The COVID-19 pandemic has already had an extensive impact on almost all facets of our lives. The automobile industry has been among the worst hit with car sales dipping substantially over what was an already dull 2019. Now, a new survey published today says the way society views and uses public transport and personal vehicles has been altered drastically due to the pandemic and will have far reaching consequences on the future of personal mobility.

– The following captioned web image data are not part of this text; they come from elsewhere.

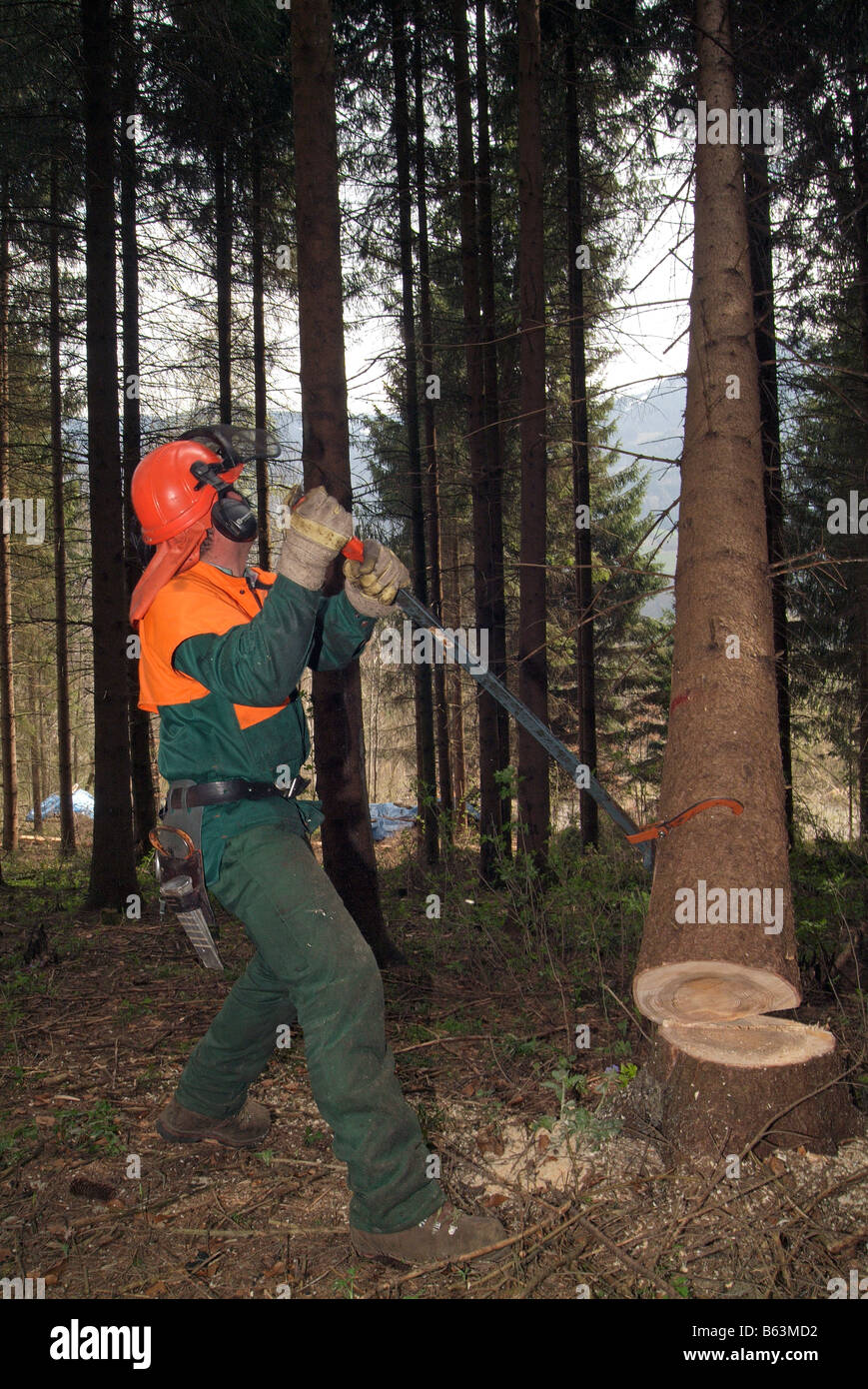 Forest worker directing fall of felled tree Stock Photo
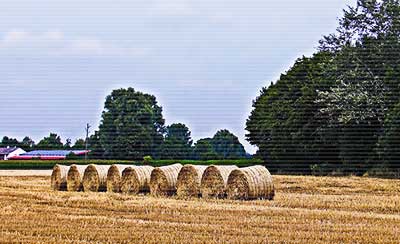 女人一生必读的锦句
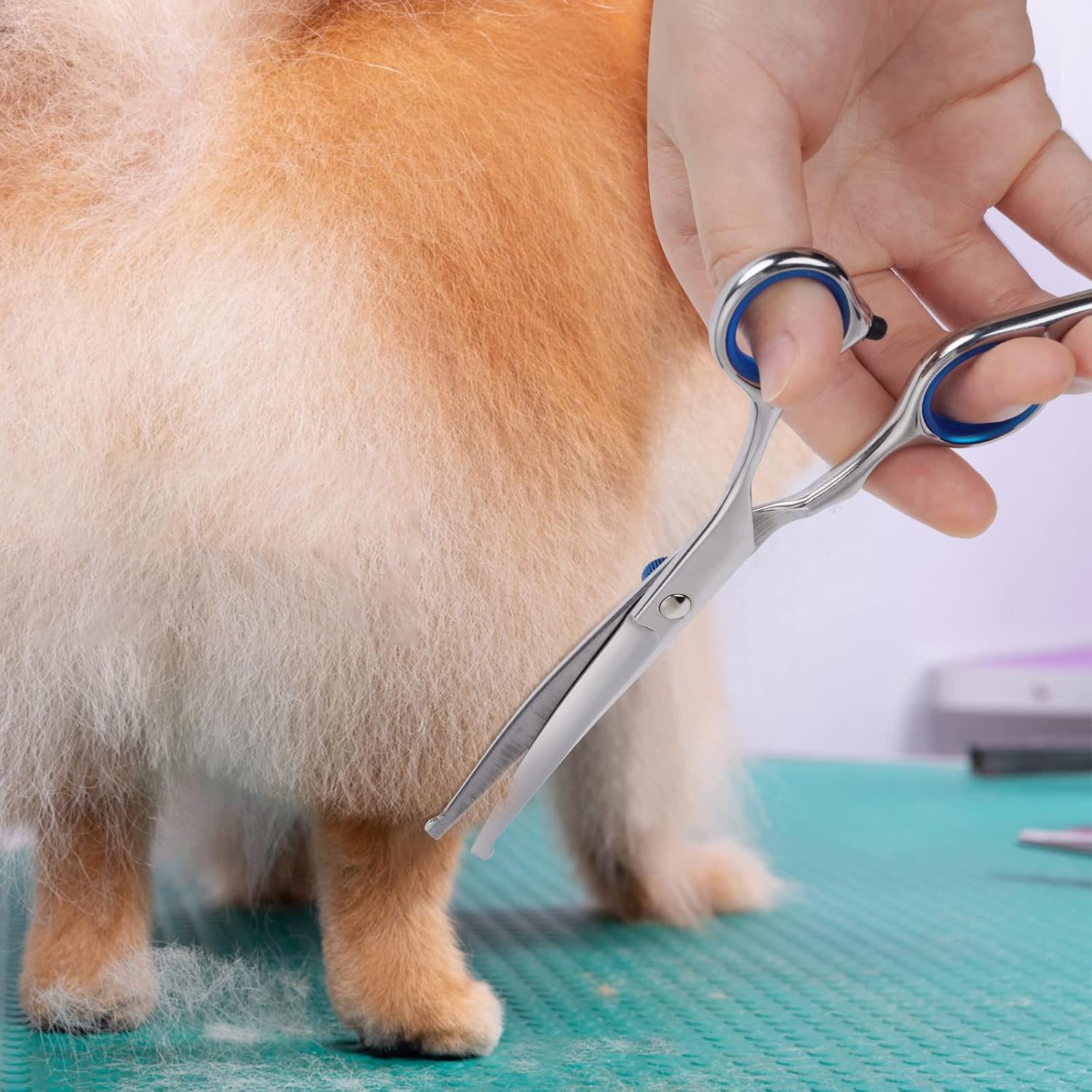 Thumbnail 6 de Dog Grooming Scissors with Safety Round Tip, Pet Dog Cat Curved Grooming Shears Scissors, Stainless Steel Pet Grooming Tools (Silver Down Curved Scissor)
Dog Grooming Scissors with Safety Round Tip, Pet Dog…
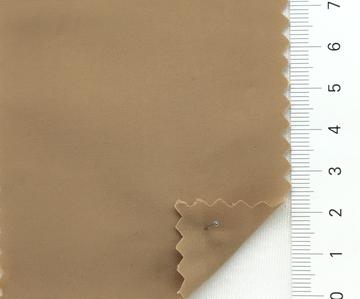 17 Camel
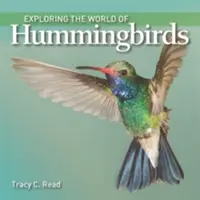 Explorarea lumii colibriilor - Exploring the World of Hummingbirds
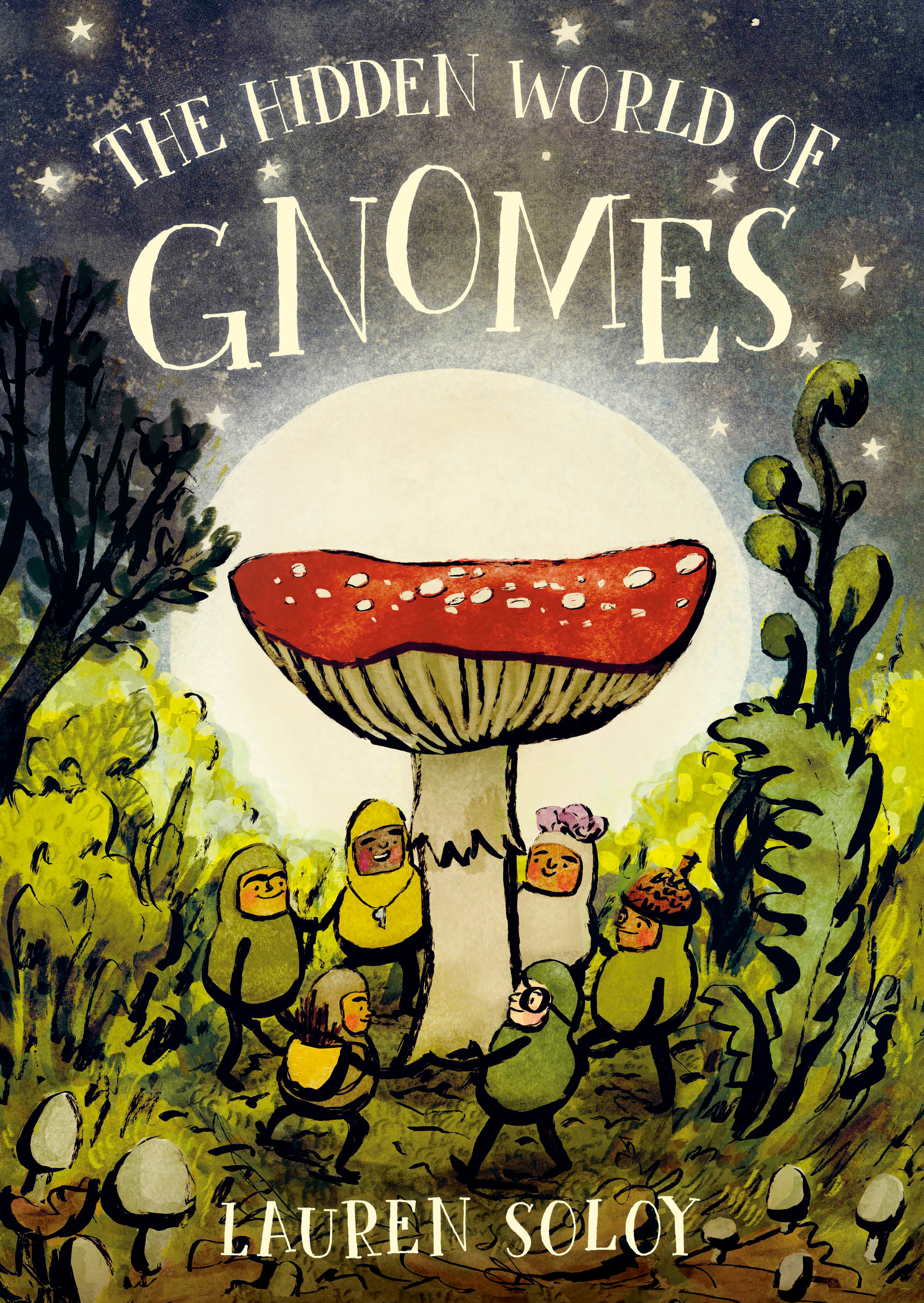 The Hidden World Of Gnomes (Hardcover Book)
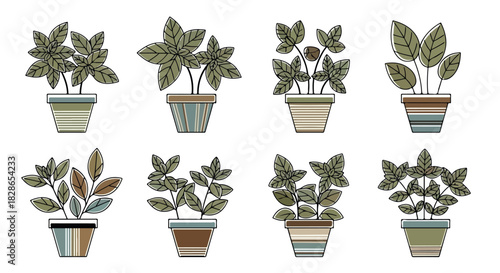 Potted plants collection in simple style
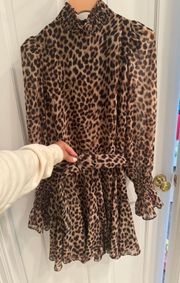 Cheetah Print Dress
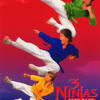3 Ninjas Kick Back | Fandíme filmu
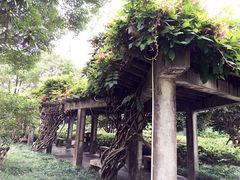 朱家角课植园-朱家角课植园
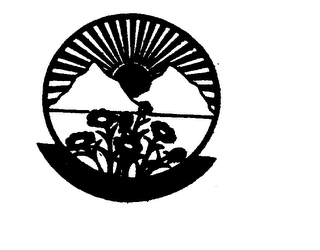 NATURE'S TOUCH logo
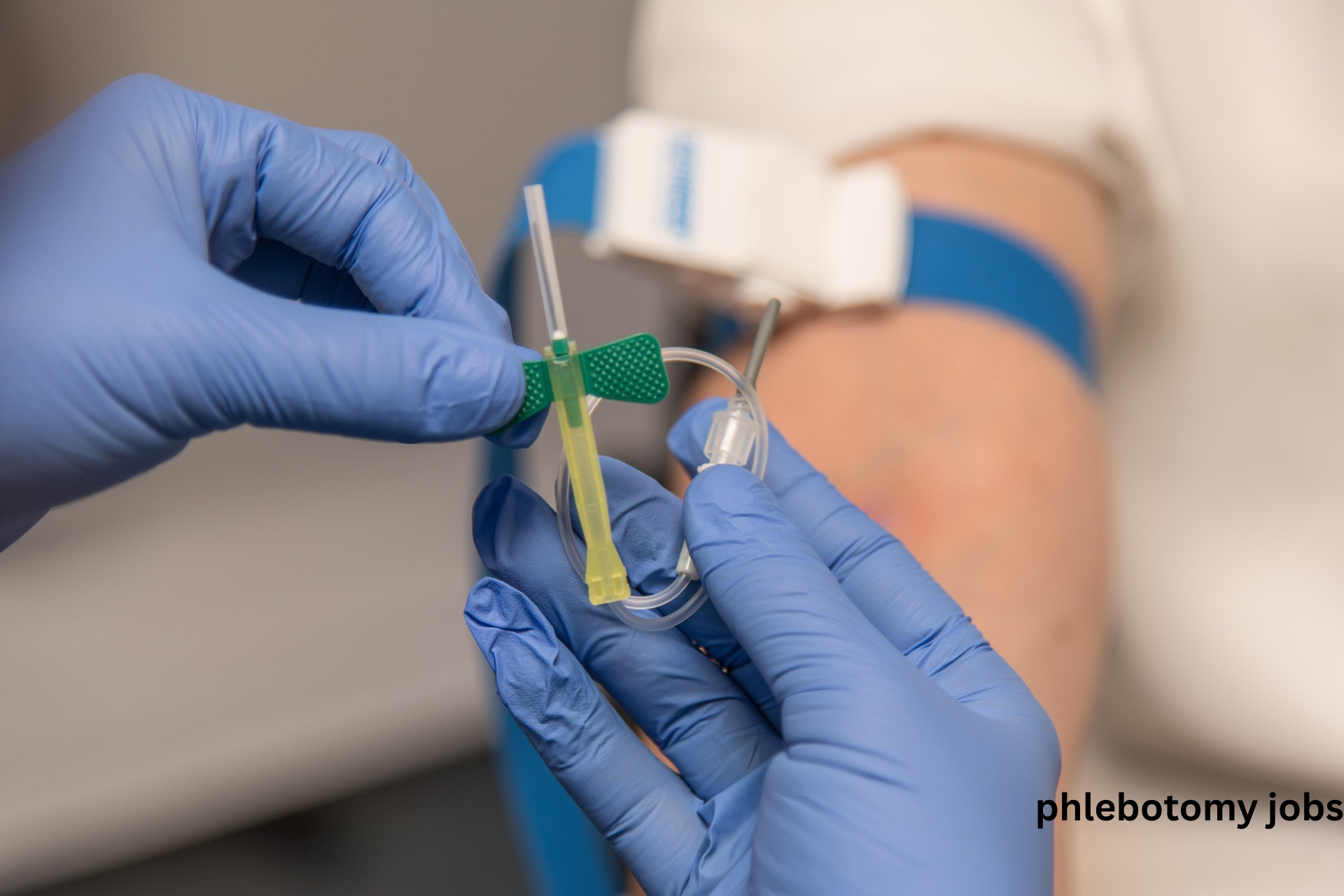 phlebotomy jobs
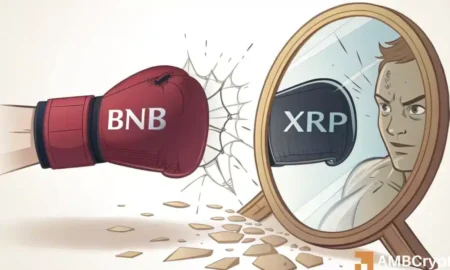Analyzing BNB’s Resilience as XRP Drops in High-Cap Rankings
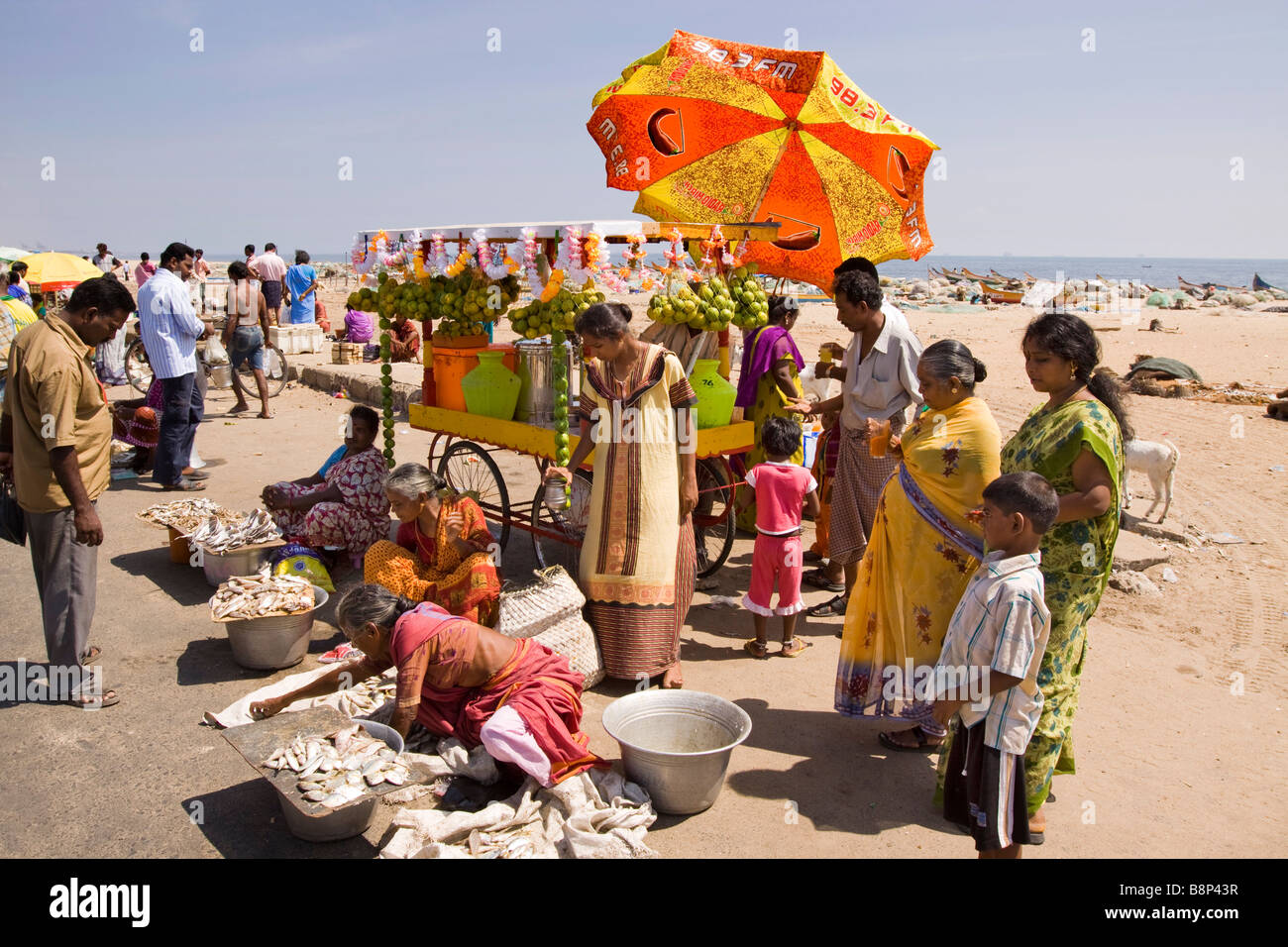 India Tamil Nadu Chennai beach fish market small roadside stall selling freshly caught seafood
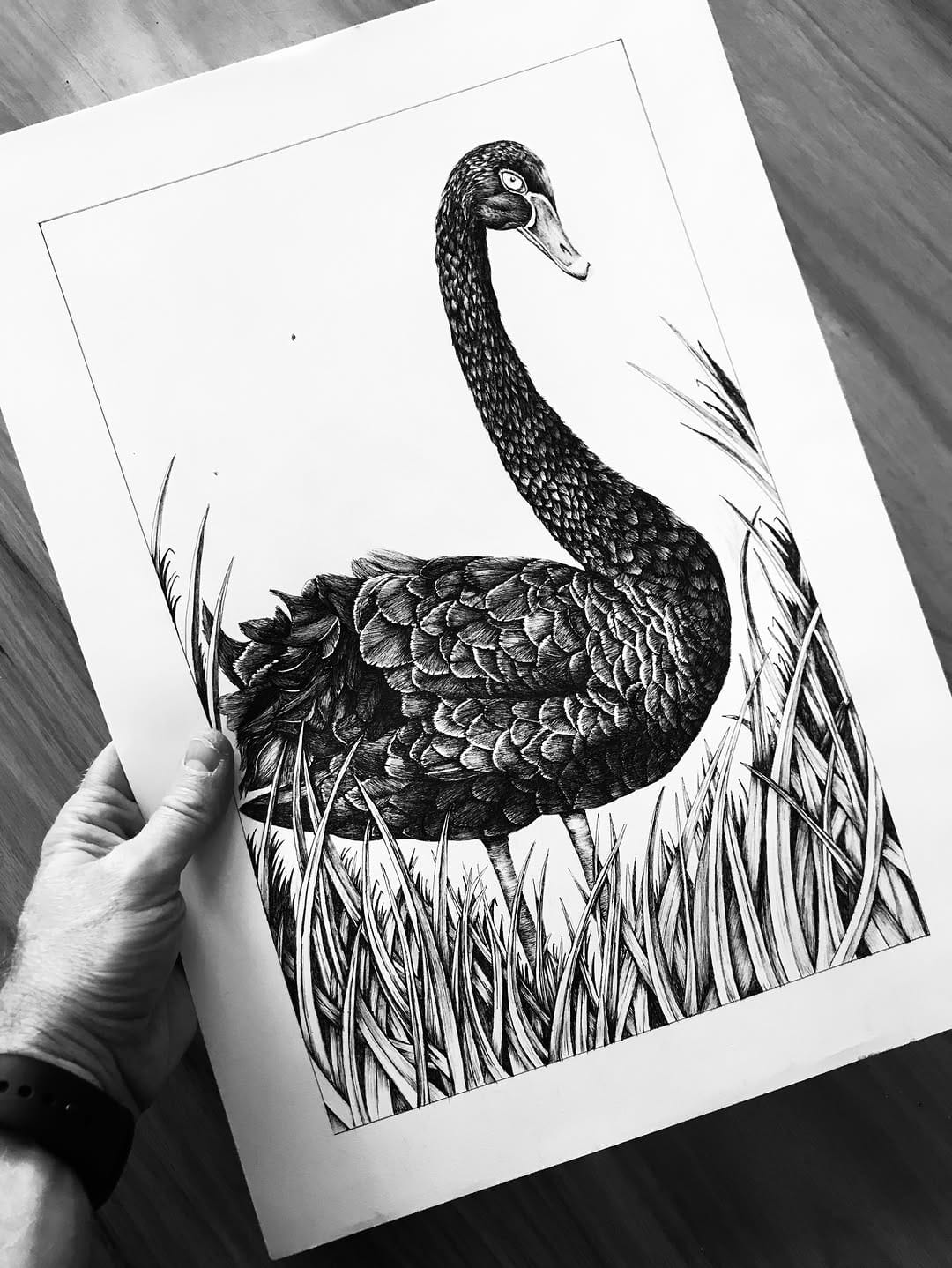 Post 2 by Pascal Wijnberg on Instagram (carousel)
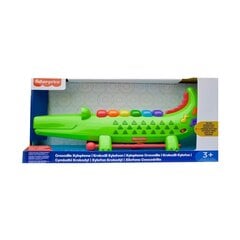 Музыкальная игрушка Fisher Price цена и информация | Игрушки для малышей | 220.lv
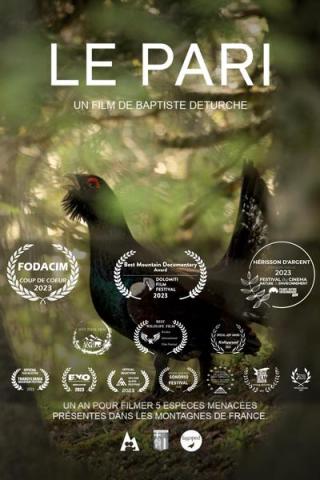 Le Pari : les oiseaux de montagne comme vous ne les avez jamais vus_Tende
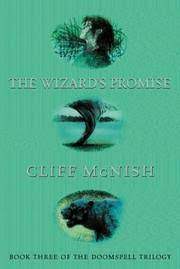The Wizards Promise
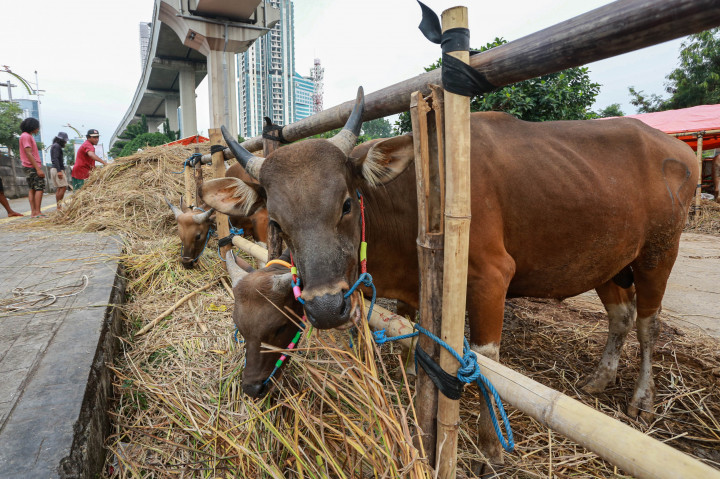 Penjual menawarkan berbagai sapi dengan bobot 210 kg - 530 kg. Harga yang ditawarkan pada berkisar Rp 18 juta hingga Rp 60 juta, tergantung pada berat masing-masing sapi.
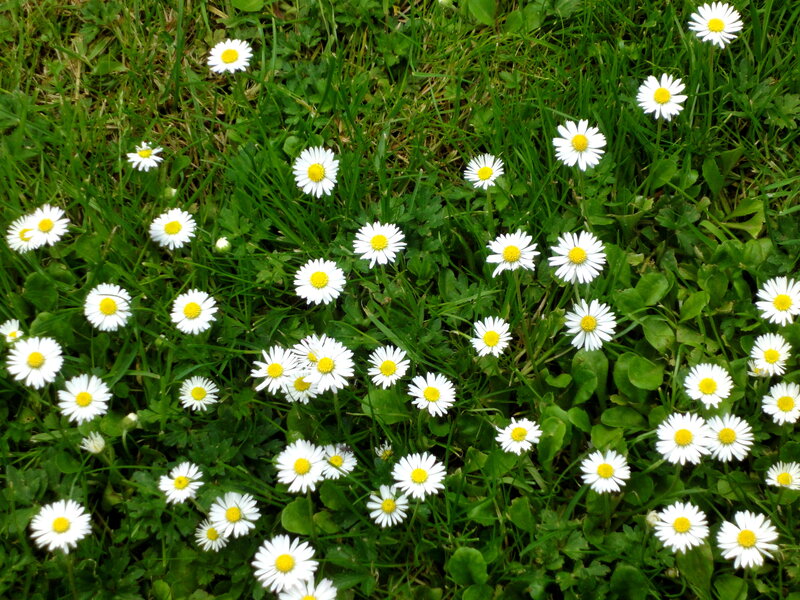 Daisies in Green Grass — Calm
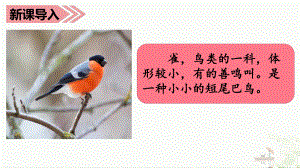 《灰雀》课件部编版1.ppt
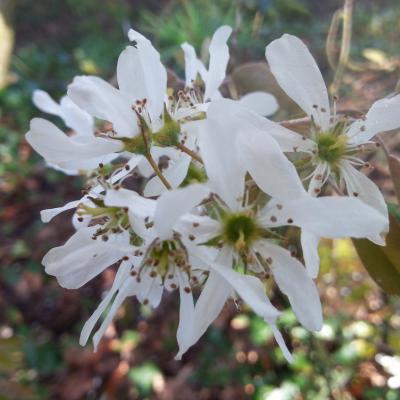 Amelanchier canadensis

The study projects a dramatic fall in car use, especially for rural areas and a major rise in the use of two-wheel transport. The survey, done among commuters and drivers in the UK by consumer and market insight agency 7th Sense Research, shows that 25 per cent of drivers expect to use their car less after lockdown, 40 per cent of motorbike users in large cities will use their vehicles more, 60 per cent of commuters in large cities will rethink their public transport use, and Gen-Z and Millennials will lead the charge in adopting new modes of transport.
Major change should come as no surprise – even before lockdown – however, we found some surprising results which herald much deeper, long-term causes and effects than just COVID-19,” says Fergus McVey, CEO of 7th Sense Research UK Ltd. “From the inevitable shortfall in funding that rail operators will face due to a drastic fall in ticket sales, through to the willingness of Gen-Z to a look for alternative solutions, like it or not we are in the midst of a transport revolution.”
The survey’s results also show why investment in road, rail and new types of infrastructure will need to evolve to meet a change in priorities for the population, affecting car and technology manufacturers, as well as local authorities and governments.